*** Opening Exercise input ***

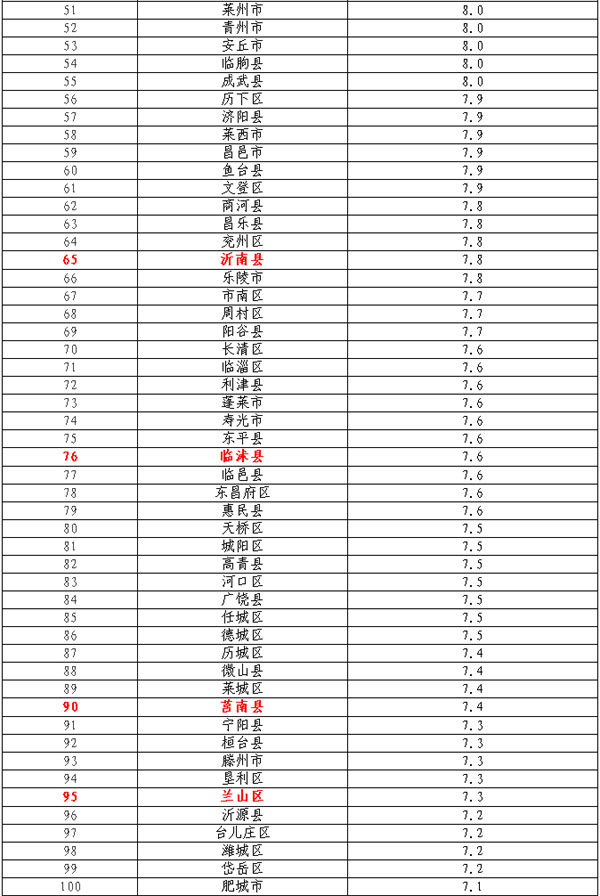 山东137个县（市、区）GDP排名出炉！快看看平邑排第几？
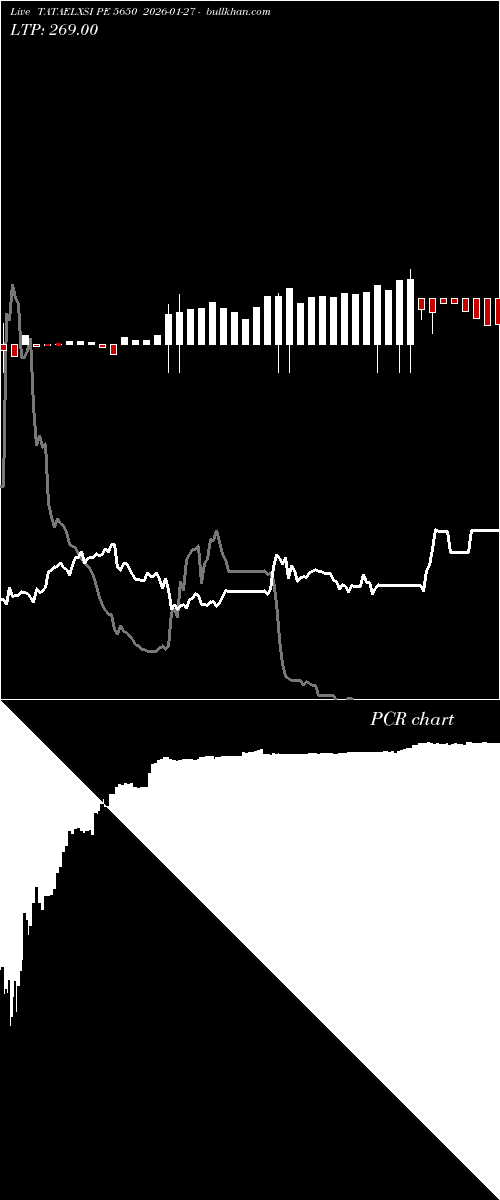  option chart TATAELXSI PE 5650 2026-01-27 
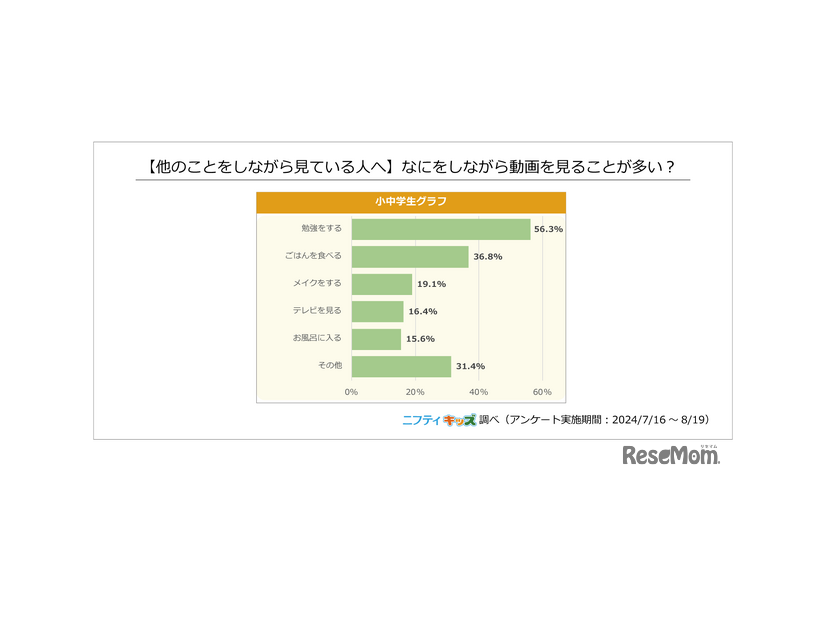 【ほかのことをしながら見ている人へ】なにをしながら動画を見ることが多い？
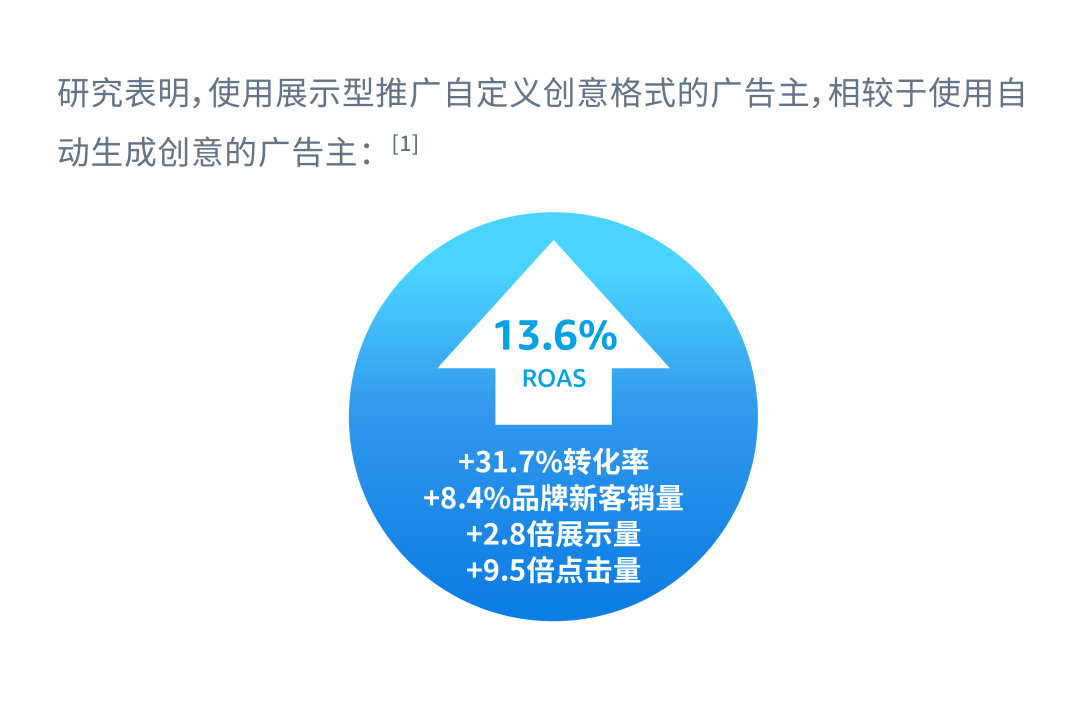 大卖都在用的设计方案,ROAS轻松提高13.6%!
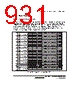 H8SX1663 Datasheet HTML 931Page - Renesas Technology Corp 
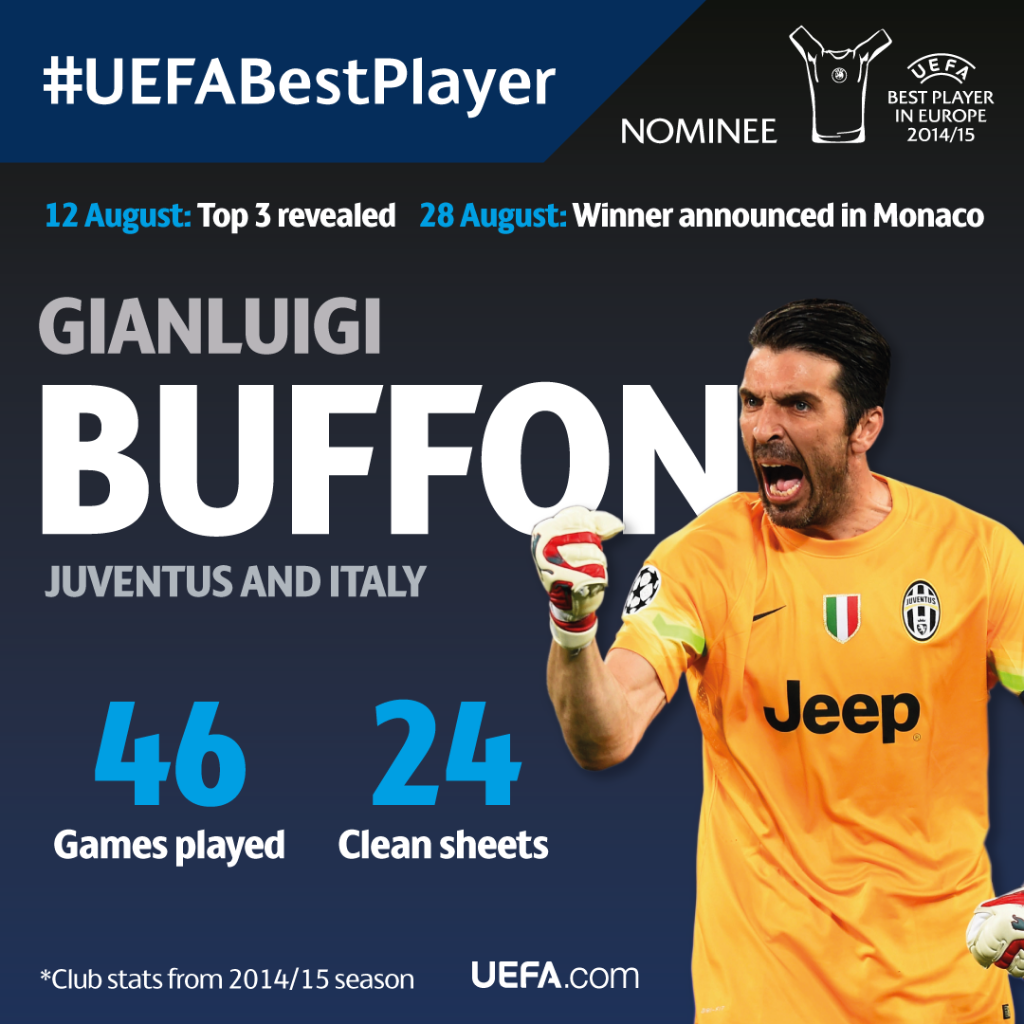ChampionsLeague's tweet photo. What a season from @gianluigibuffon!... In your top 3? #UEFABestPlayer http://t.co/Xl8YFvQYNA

*** Closing Exercise input ***
*** Opening Exercise input ***

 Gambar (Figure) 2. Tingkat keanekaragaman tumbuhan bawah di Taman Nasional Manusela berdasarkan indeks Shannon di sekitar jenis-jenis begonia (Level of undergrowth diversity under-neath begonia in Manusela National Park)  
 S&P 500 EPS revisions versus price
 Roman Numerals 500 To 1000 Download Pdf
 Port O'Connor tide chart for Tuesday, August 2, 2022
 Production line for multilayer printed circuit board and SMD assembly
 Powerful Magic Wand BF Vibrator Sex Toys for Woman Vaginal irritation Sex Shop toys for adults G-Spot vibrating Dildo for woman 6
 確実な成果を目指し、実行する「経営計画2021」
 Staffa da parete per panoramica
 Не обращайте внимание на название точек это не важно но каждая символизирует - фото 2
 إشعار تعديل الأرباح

*** Closing Exercise input ***

Could you transcribe the entries above word for word, from the line with "確実な成果を目指し、実行する「経営計画2021」" down to the line with "إشعار تعديل الأرباح", keeping both?

 確実な成果を目指し、実行する「経営計画2021」
 Staffa da parete per panoramica
 Не обращайте внимание на название точек это не важно но каждая символизирует - фото 2
 إشعار تعديل الأرباح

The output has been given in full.